Darcy Lees (DLees@inspire.ospi.wednet.edu)
Fri, 4 Dec 1998 15:34:18 -0800
> My phone has been ringing with questions related to I-200 in
> Washington State. Today I attended a meeting of state agency
> affirmative action officers. The following two documents were
> discussed and could provide some guidance for school districts and
> There is also a committee here that will be looking more closely at
> OSPI responsibilities. It appears that affirmative action plans will
> still be appropriate which isn't to say that there won't be
litigation related to different aspects of what I-200 covers. As I receive new
> documents I will forward that information to you.
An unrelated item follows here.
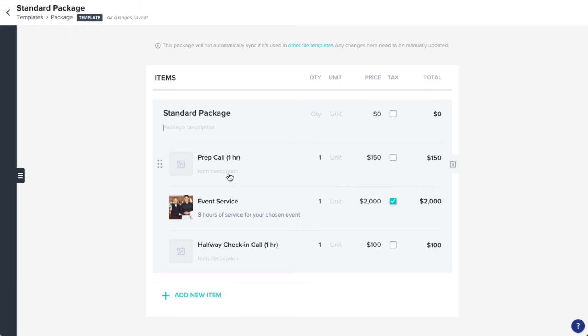If there's anything you run across that might vary from client to client, an item name, description, price, etc., feel free to put in a placeholder or just leave that detail blank in this template. You'll always be able to edit the information within the individual files that you send.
> Thank you and I hope this information is helpful to you.
> Darcy Lees
> GOVERNOR'S DIRECTIVE No. 98-01
> TO: All Executive Agencies and Institutions of Higher Education
> FROM: Gary Locke, Governor
> DATE: December 3, 1998
> SUBJECT: Implementation of Initiative Measure 200
> Initiative Measure 200 (I-200) becomes effective today. When the
> voters of our state approved I-200, they were making a statement that
> they wanted to end preferences based on race or sex while leaving
> unchanged preferences for people with disabilities, for veterans, and
> for people over 40 years of age. I-200 is now the law of our state
> and I will uphold and implement the law as I am sworn to do. This
> directive is how I believe state agencies should implement I-200.
> We must make sure that everyone is given fair and equal consideration
> in public employment, public contracting, and public education.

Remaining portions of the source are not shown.